Fast forward 18 years and I got 2 more tattoos during my sabbatical in Iceland with one of the best tattoo artists in town. Again, I acted on impulse but this time I picked a graphic beforehand, the Tank woman in the Australian movie which I came across in a magazine. I had it on the nape of my neck and surprisingly it wasn't painful at all! It took about an hour and I hardly felt a thing. The result was just brilliant that I booked for another tattoo on my collar bone which is a bar code with my birth date on it. The Tank woman depicts the type of gals I was and still am, and the bar code is simply there to remind me of my existence.
Tattoos are no longer about rebellion, or in any way related to gangsters or the 'bad' people. They are so popular these days and to me, they are windows to the psyche as they tell stories which are so personal and meaningful. Of course there are still people who have negative reactions to tattoos and it serves as a good filter to keep small-minded people out of my life! Why becoming so verbal about it when the tattoo is on my body and not theirs?
Am I going to stop at 3? I don't think so. I won't get one out of boredom or when I am drunk. I would do it when my mood strikes and if something actually catches my eyes. There are still lots of blank canvas spaces all over my body! Why would I care about what others think of me at midlife if I didn't care way back in my 30's. Tattooing is no-body's business and it is something I enjoy from an aesthetic perspective. I am not encouraging you to jump the ship and get yourself booked for an appointment straight away because it could well be another addiction which can costs you a fortune. And it is definitely a no-go if you have a tendency to regret and getting tattoos removed is an ultimate torture.
Read on for another major change...
If tattooing ain't bold enough, I had my head shaved 18 months ago and loving it. I was refused by my hair stylist I had for over a decade to have my head shaved due to all sorts of reasons he could come up with but I never looked back since that fateful day when I just walked in to a salon in Iceland and demanded a shave which lasted about 10 mins top.
I had long hair in my 20's, straight and permed, short hair, pixie cut, layered bob, and had almost every colour of the rainbow all my life. It was never black. My hair and scalp have been brutally subjected to harsh chemicals and expensive hair care products, not to mention the costs of my salon visits. I have always been lazy and hair maintenance is something I tried to avoid at all costs. I must admit most women wouldn't go for the extreme measures and have their hair chopped off especially for a Chinese. Having skin head has been on my mind for eons and trusting my then hair stylist, I stayed put with the routine even though the humidity in Hong Kong drove me crazy. My determination of shaving it once and for all was probably the best decision I had ever made for a long long time.

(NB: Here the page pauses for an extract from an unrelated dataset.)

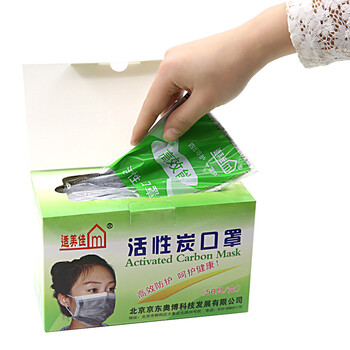 
                                        适美佳一次性活性炭口罩防尘透气男女通用防异味骑行防风遮阳独立包装50只/盒送时尚潮款口罩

For someone who is intolerant to heat and prefer a low maintenance lifestyle, going skin head is one of the options. I love the way I look and feel even though I get unwanted stares and verbal attacks from people who are too reserved or conventional, afraid of what others will think of them if they stand out too much. Not me. Why don't men get such remarks being bald and have tattoos on 4 limbs? I am enjoying the benefits when there is no more salon visits, no more chemical, no expenses on hair care products and I can kiss goodbye to my trusted hair dryer. The only downside is that I need to shave with a clipper once a week by myself and I am getting really good at it by practice. There is no going back!
I can foresee my hair turning grey / white soon enough but I can assure you that I won't cover it by dyeing. I can look exceptionally stunning with my natural hair if I embrace what nature is deciding for me.Authenticity is important to me. I abhor copycats and I don't depend on a man or my looks for approval. You may want to keep your tresses long or short, straight or curly, without seeking external validation or approval. It is purely a question of personal preference. My advice is to go for a hairstyle that makes you feel confident and comfortable and nothing else matters!